Seven Myths of Color Contrast Accessibility
Setting the record straight on some common misconceptions and the nuances of accessibility guidelines
There’s a growing demand for designers to make their interfaces accessible to all users. It’s important to accommodate users with disabilities, but there are many myths to color contrast accessibility being perpetuated by misinformed people.
They often parrot these myths to discredit a design, without understanding in which situations a color contrast standard applies. Not only that, but they assume an interface is inaccessible whenever color contrast is used to convey information.
Because of this, designers often feel the need to obsess over accessibility, and are misled into believing their interface isn’t accessible when it actually is. This article debunks common color contrast accessibility myths and sets the record straight.
Myth 1: The WCAG requirements are always optimal
The Web Content Accessibility Guidelines (WCAG) is a set of principles used as the standard for determining accessible color contrast.
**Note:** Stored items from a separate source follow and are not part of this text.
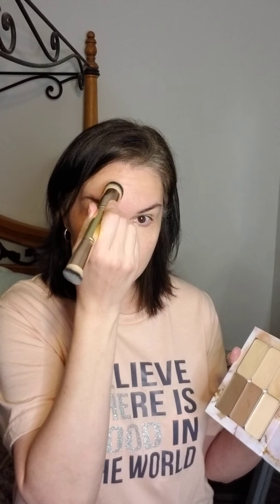My eyes already look brighter. So then I will put some right in the center of my forehead, tap it on there, and down the center of my nose, and right above my lips and my cupid's bow.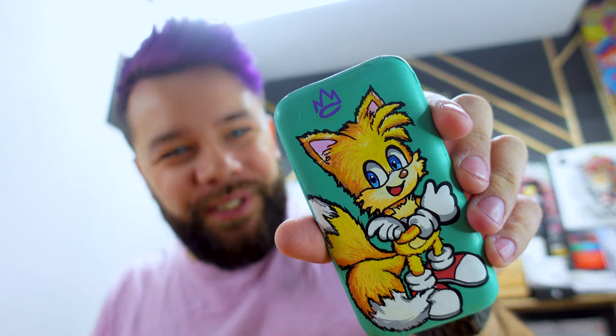Finally finished with Tails. Looking pretty good! But I'm going to need a little break before I get on to Sonic, so I'll be right back.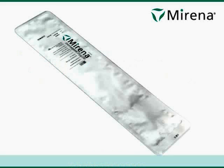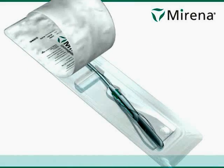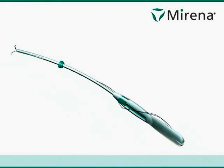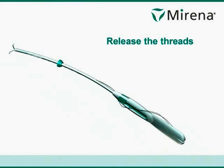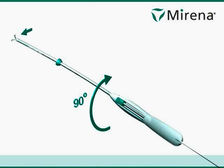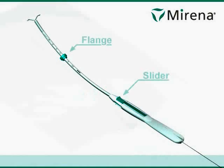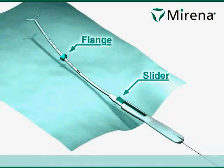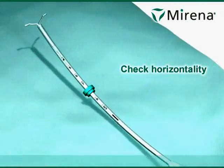Mirna insertion: release the threads, rotate 90 degrees, flange slider, check horizontality.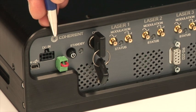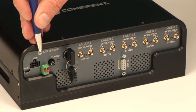The power coming into the laser box is a single connector. This is 12 volts of DC power that will operate each of the five lasers, all of them simultaneously, as well as the thermal management.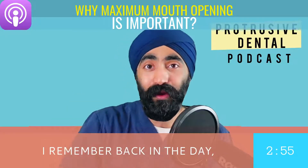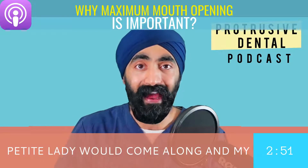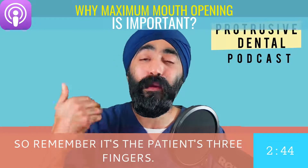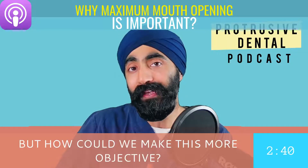I remember back in the day I used to use my three fingers, and a petite lady would come along and my three fingers had no chance of fitting inside her mouth. So unless you're a petite lady, it's not going to work. Remember, it's the patient's three fingers, not your three fingers.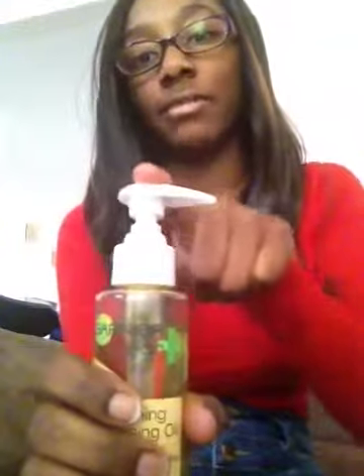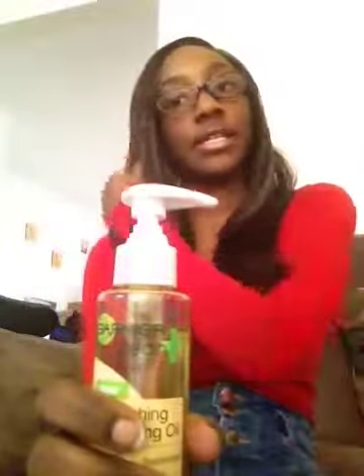It has a little pump here, and I like when products come in pumps. You can actually twist it a certain way to lock it so it doesn't accidentally come out if you push it down. I love when a product comes with that feature.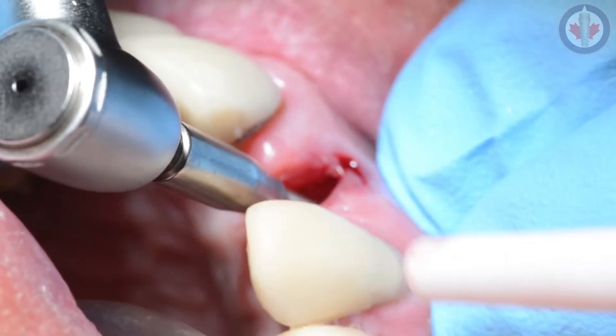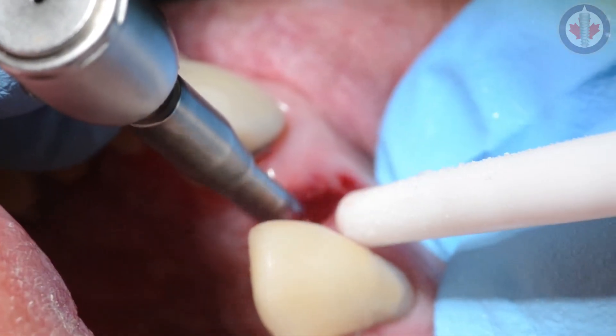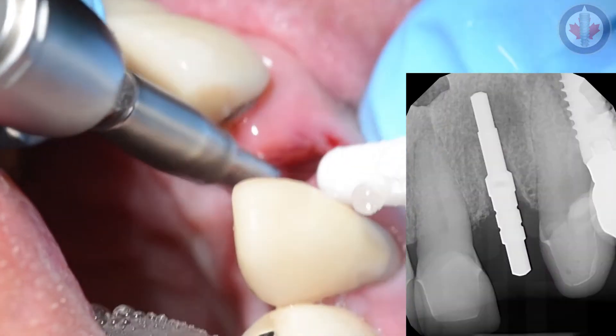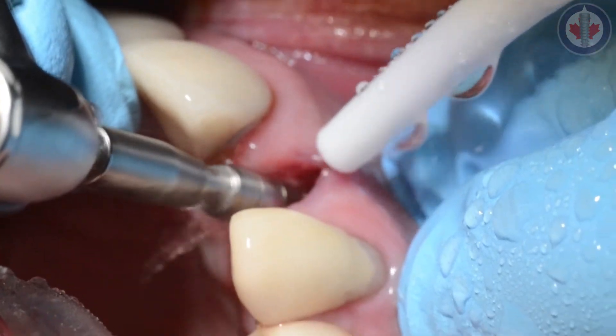Using our implant precision drill, we're going to start in a position at the labial and move it more towards the palatal. The purpose of this is to engage that dense palatal bone for primary stability. We take a pin and take a radiograph to ensure we're going in the proper direction. The pin, in this occlusal view, will also show that we have a screw-retained position for this implant.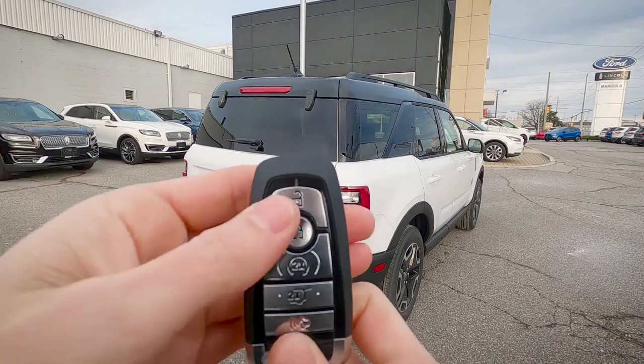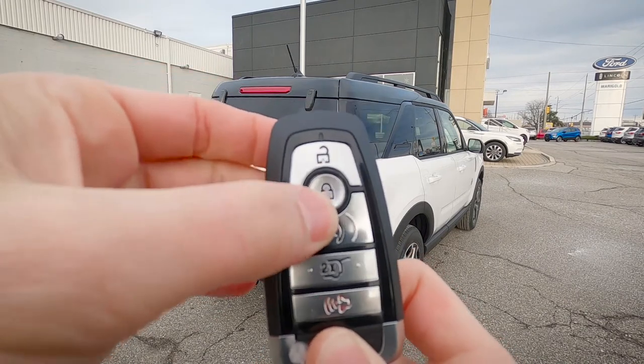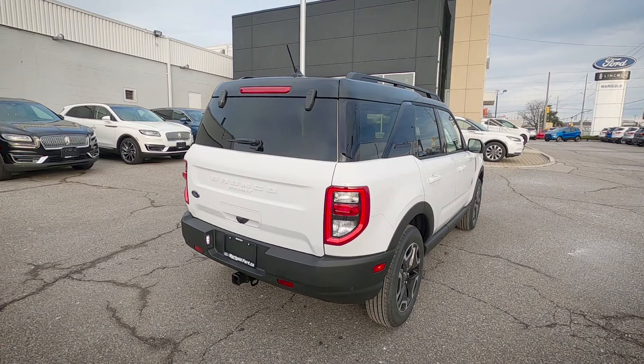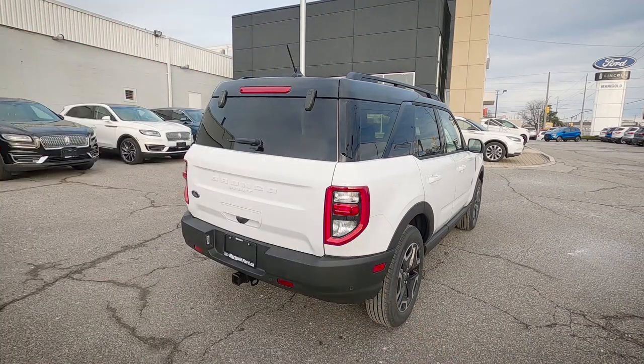In order to remote start the vehicle, we can do so through our cell phone using Ford Pass Connect. The other option is to just hit the lock button once and the circle button twice. As you can see, the vehicle's now remote started. In order to cancel the remote start, all we're going to do is push that circle button once. Remote start's been cancelled.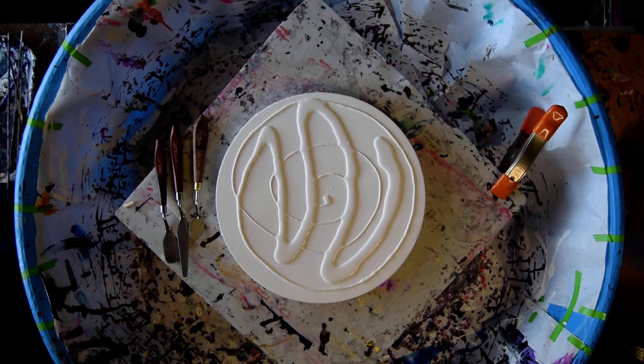Being unconventional. Welcome to my studio. This is Priscilla Batzel in Spring Hill, Florida at Expressionist Art Studio Gallery.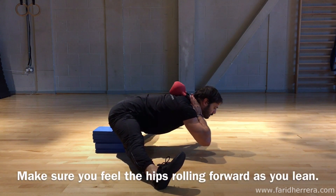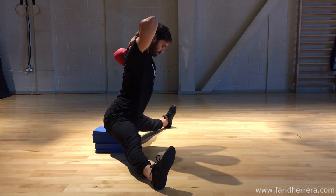You can do this without a weight as well if it's too intense for now.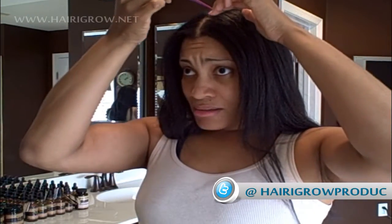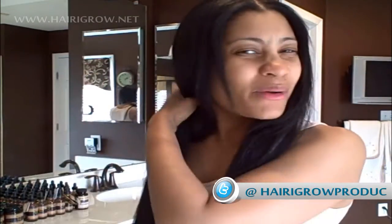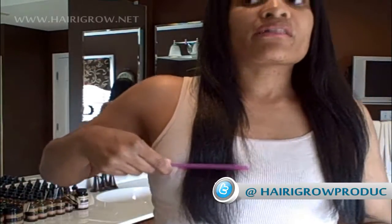First thing I'm going to do is take some of the length off. I'm going to start by parting my hair — it's already parted down the middle, as you can see. We're going to take it to about there — cut it to about there, take off a couple of inches. This is where I feel like it needs to be a little fuller, a little thicker. So we'll start here.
However, these guidelines do not always measure up in practical application. Instead of following them dogmatically, you should use them to guide your design decisions, not dictate them.
One case where the WCAG standards aren’t applicable is with the brightness contrast of white text. Both buttons below have a blue background, but one has white text, and the other has black. When you survey users on which button is easier to read, the majority will tell you the button with the white text is more readable. But the accessibility color contrast ratios tell a different story.
The contrast ratio for the black text is 5.41, which passes the requirement. However, the contrast ratio for the white text is 2.94, which fails it. According to the contrast requirements, the button with white text should be less readable, but it’s actually more readable.